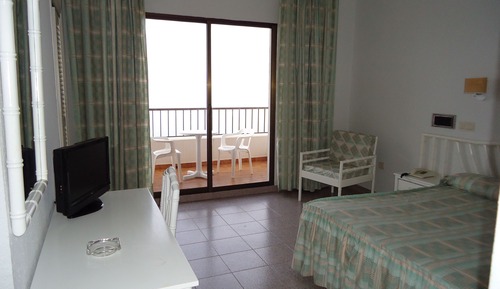 Habitación doble, 1 cama doble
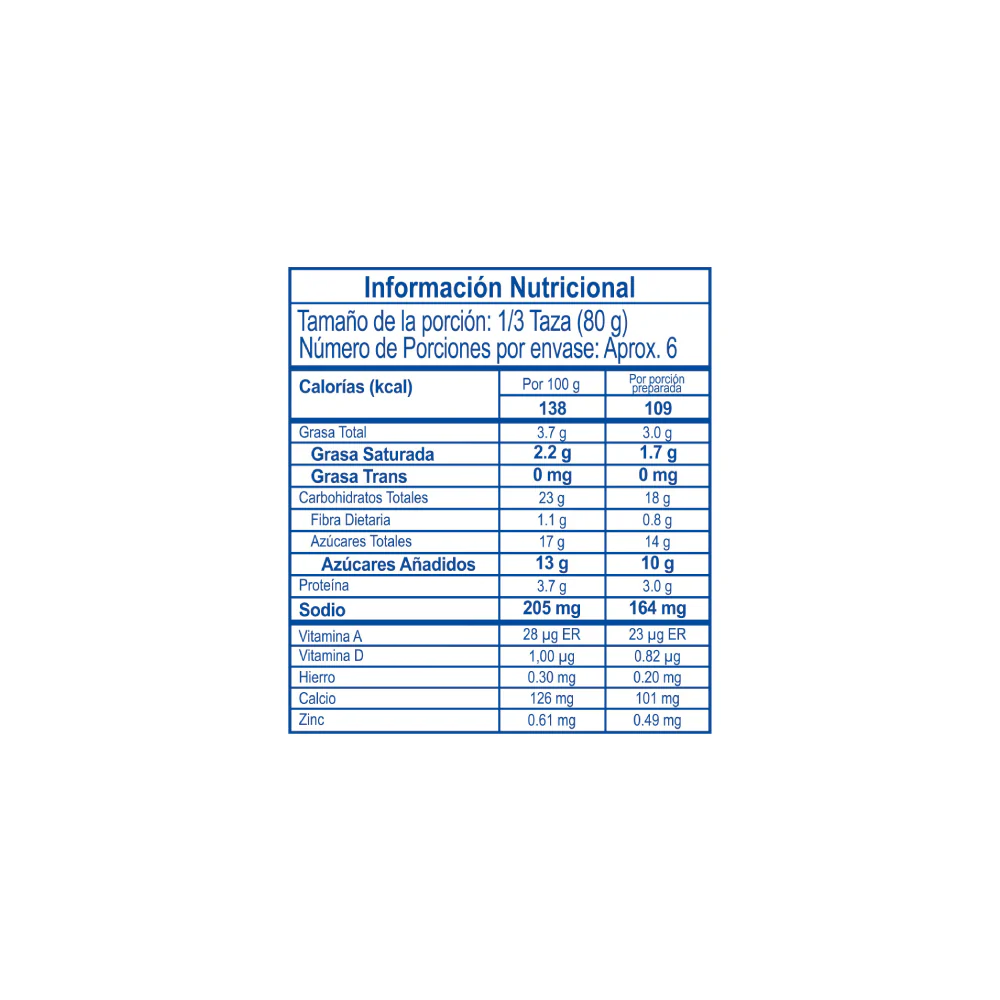 Pudin Chocolate Gel Hada X 100 G - Image 4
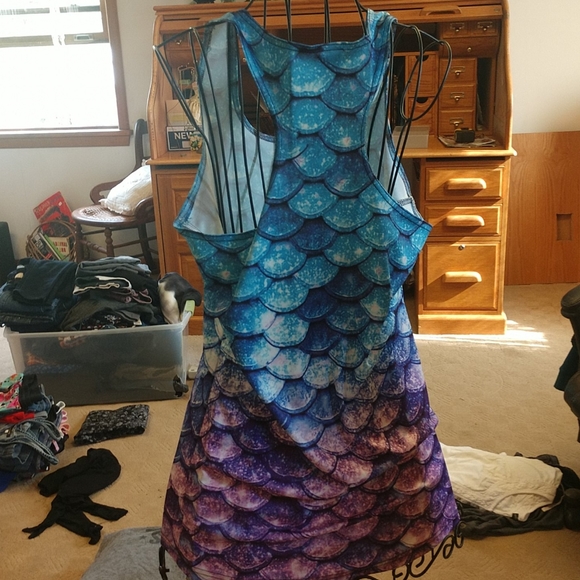 Coy fish tank top - Picture 4 of 5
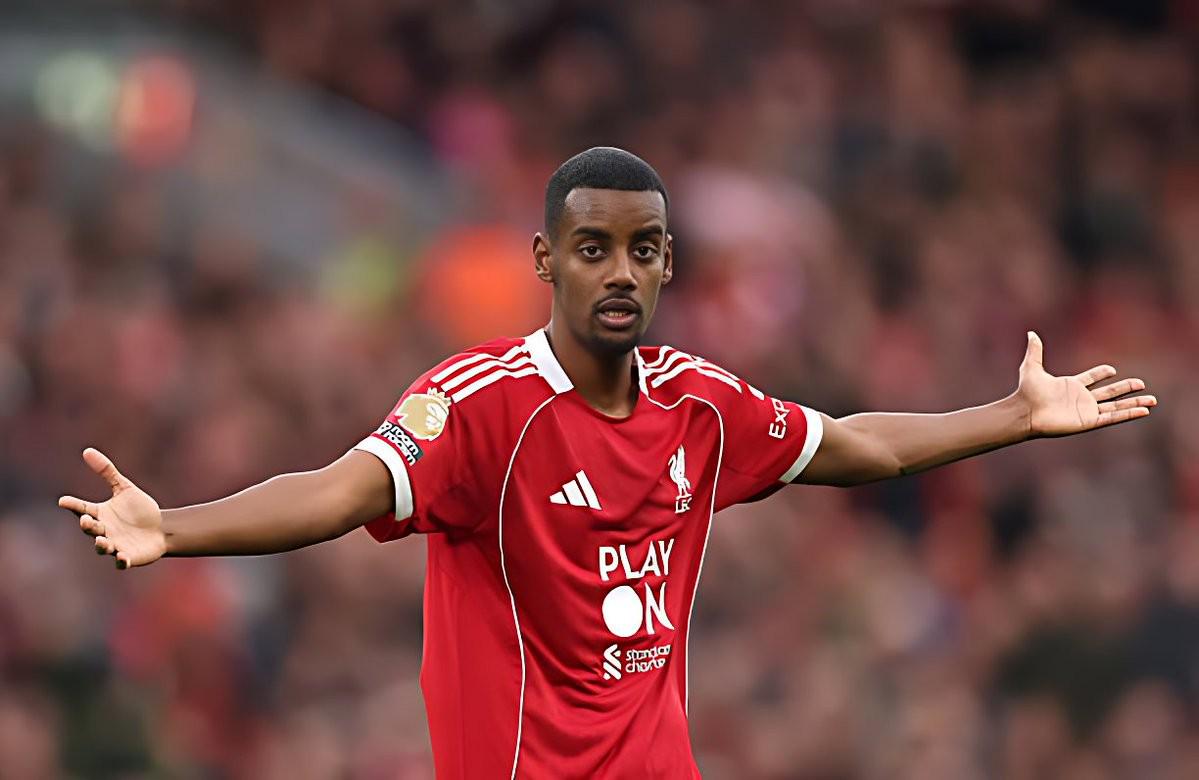 今晚能否破门？伊萨克此前4次英超对阵布伦特福德均有进球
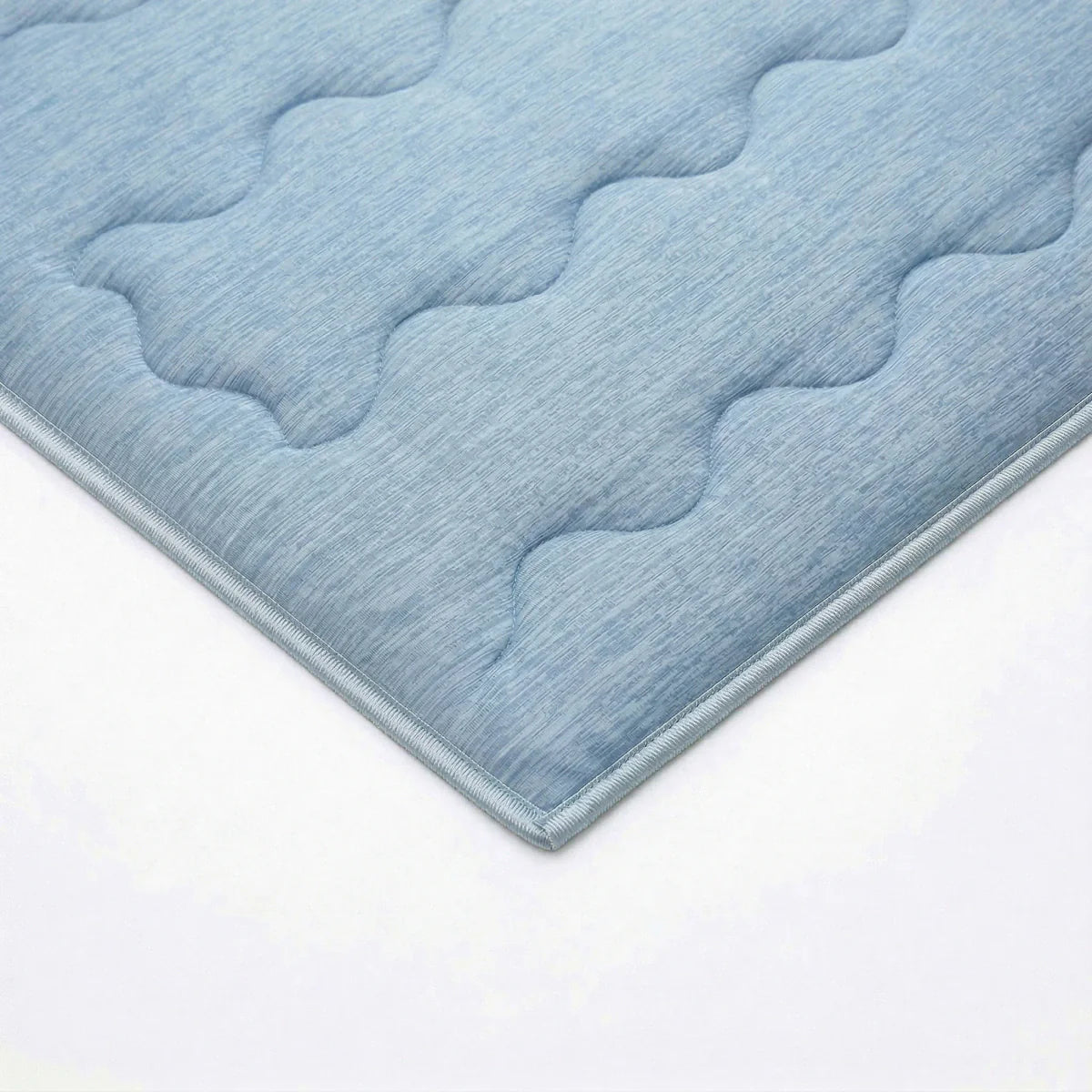 Zelesta Special Cooling Blend Summer Duvet - Serene Blue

**Directions for this task**
Would you set down, word for word, the lines running from the one that contains "Coy fish tank top - Picture 4 of 5" to the last line of the material, omitting all pictures?

**Result for this task**
 Coy fish tank top - Picture 4 of 5
 今晚能否破门？伊萨克此前4次英超对阵布伦特福德均有进球
 Zelesta Special Cooling Blend Summer Duvet - Serene Blue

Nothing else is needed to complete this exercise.